As for now, let’s wander down to Beta (β) Leporis, which you’ll find three degrees south and slightly west of Alpha (α) Leporis. You should be able to pick it out of the sky visually since the primary is a third magnitude star (here’s our second chart again).
Beta (β) Leporis (Nihal) (9 Leporis) (HJ 3761) (Bu 320)
HIP: 25606 SAO: 170457
RA: 05h 28.2m Dec: -20° 46
Identifier Magnitudes Separation Position Angle WDS
Bu 320 AB: 2.90, 7.50 2.60” 3° 2008
HJ 3761 AC: 2.90, 12.00 58.50” 140° 2000
HJ 3761 AD: 2.90, 11.99 210.40” 73° 2000
HJ 3761 AE: 2.90, 10.50 242.80” 59° 2000
Distance: 159 Light Years
Spectral Classification: “A” is G5
As you can see from the identifiers in the left column above, it looks like the same two stellar characters we just encountered, Burnham (Bu) and the junior Herschel (HJ), were loitering around here as well.
You may have noticed the name attached to this star, Nihal, which comes from the Arabic phrase “al-nihal”, meaning “the camels beginning to quench their thirst.” Instead of explaining that, I’ll refer you to James Kaler’s write-up on the star, which is full of additional tantalizing information such as a temperature almost identical to the Sun.
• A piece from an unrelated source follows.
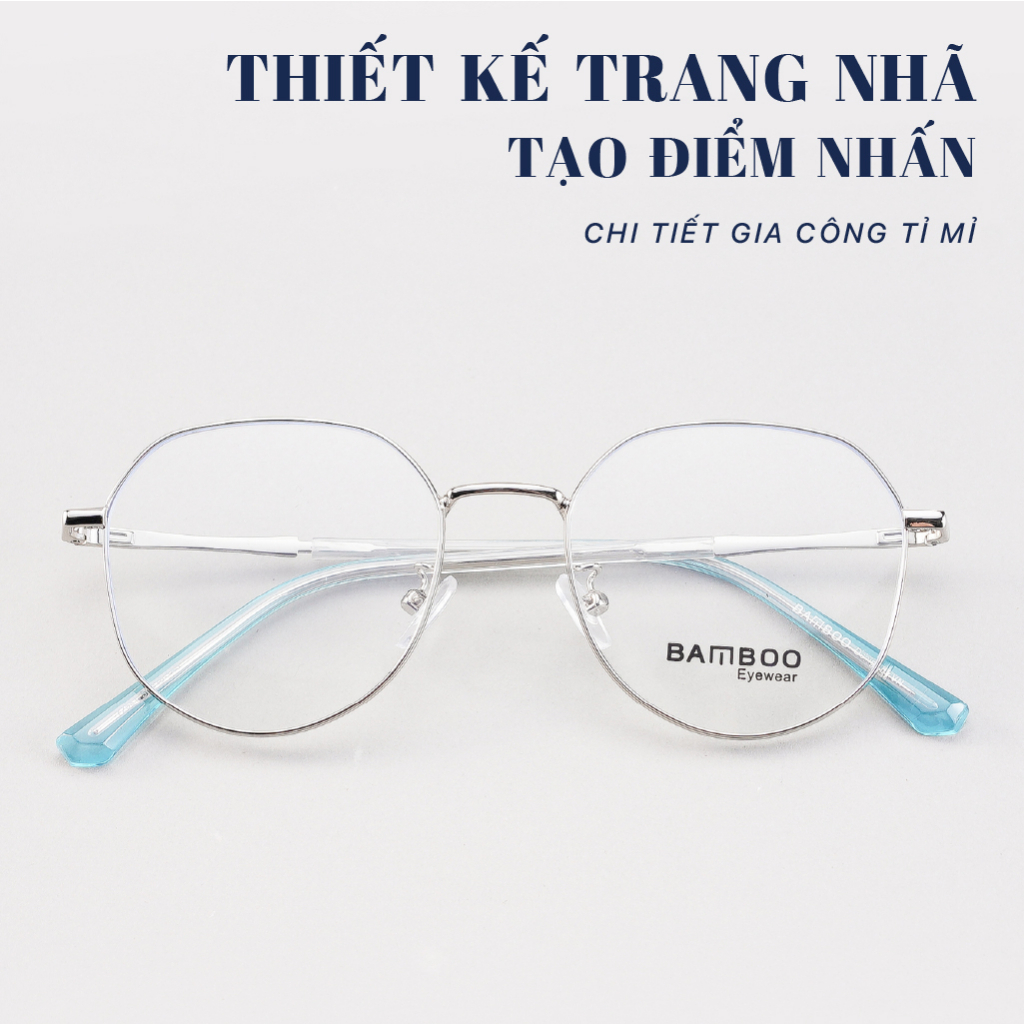 Gọng Mắt kính Tròn vát cạnh Kim Loại thời trang - Bamboo 72 551 - Mắt kính LB Eyewear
He also mentions the “B” companion has been classified as dim as eleventh magnitude, raising the possibility as to whether “B” has an unseen eclipsing companion. Whatever the case, it must have been somewhere near the current WDS magnitude of 7.50 when Burnham discovered it with his six inch refractor in 1875.
SEE 53, the star at the southwest corner of the eyepiece previously mentioned in the caption under the sketch above, has a prefix I’ve never come across in my stellar ramblings. It belongs to Thomas Jefferson Jackson See, a controversial character described as erratic, pompous, and rancorous. A short biography can be found here and a longer version is available here.
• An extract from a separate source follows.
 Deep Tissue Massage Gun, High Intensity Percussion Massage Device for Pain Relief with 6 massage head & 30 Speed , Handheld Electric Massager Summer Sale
On to Gamma (γ) Leporis now, a third magnitude star glowing four degrees southeast of Beta (β), where it holds down the southeast corner of the constellation’s eastern wing. Here’s our second chart once more.
Gamma (γ) Leporis (13 Leporis) (AB is H VI 40; BC is H V 50)
HIP: 27072 SAO: 170759
RA: 05h 44.5m Dec: -22° 27’
Magnitudes AB: 3.64, 6.28 BC: 6.28, 11.37
Separations AB: 95” BC: 112.10”
Position Angles AB: 350° (WDS 2012) BC: 8° (WDS 1999)
Distance: 29 Light Years
Spectral Classifications: “A” is F6, “B” is K2
Notes: High proper motion “A”: -292 -369 “B”: -304 -352 “C”: +006 +012
This triple star quickly captured all of my attention on the very first glance:
Among the list of names assigned to Gamma Leporis (γ) in the data above are two William Herschel catalog numbers with an almost poetic ring, H VI 40 and H V 50. An unusual aspect of Herschel’s numbering of these stars (link for the source below) is his decision to distinguish between AB and BC in his measures, which probably has something to do with the fact that he measured them seven months apart.
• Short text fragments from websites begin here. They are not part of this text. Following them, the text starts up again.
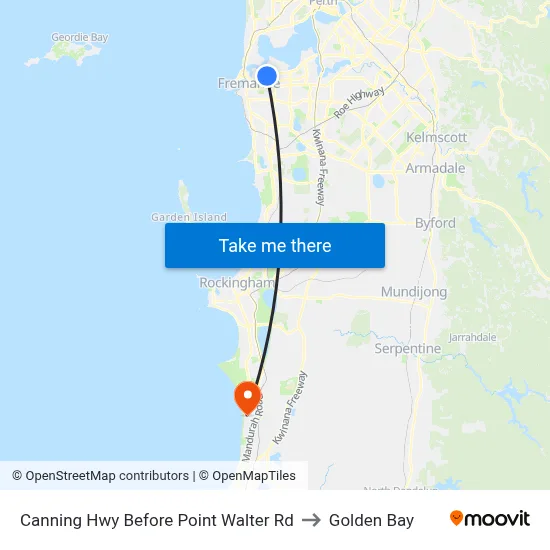 Canning Hwy Before Point Walter Rd to Golden Bay map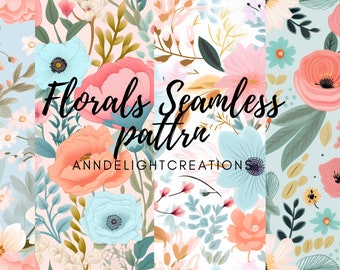 Pastel Floral Seamless Pattern: Watercolor Flower Designs (Digital Download)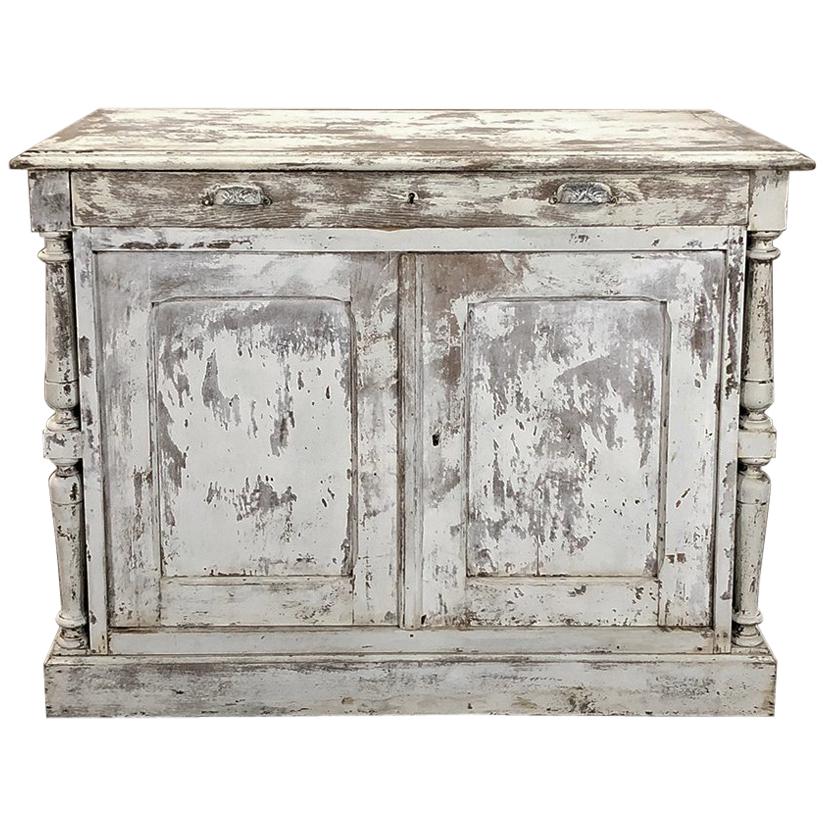 19th Century Rustic Neoclassical Painted Store Counter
What stands out about his distance measures are how far they differ from the WDS figures. His 2.5 minutes (150”) for AB contrasts with the WDS figure of 95” for 2012. The 40’ (forty arc minutes) he shows for BC is an error – it should read 40” (forty arc seconds), which contrasts with the 1999 WDS measure of 112.10”.
It’s really a shame Herschel didn’t include position angles because both Gamma Leporis “A” and “B” have very significant rates of proper motion, which comes as no surprise since they’re relatively close to us at a distance of 29 light years. I included the proper motion data for all three components in the last line of the data above. What those numbers mean is “A” is moving west in right ascension at the rate of .292” per year and south in declination at the rate of .369” per year; “B” is moving .304” west and .352” south per year; and in contrast, “C” is almost still, moving at the rate of .006” east and .012” north per year (+006 +012).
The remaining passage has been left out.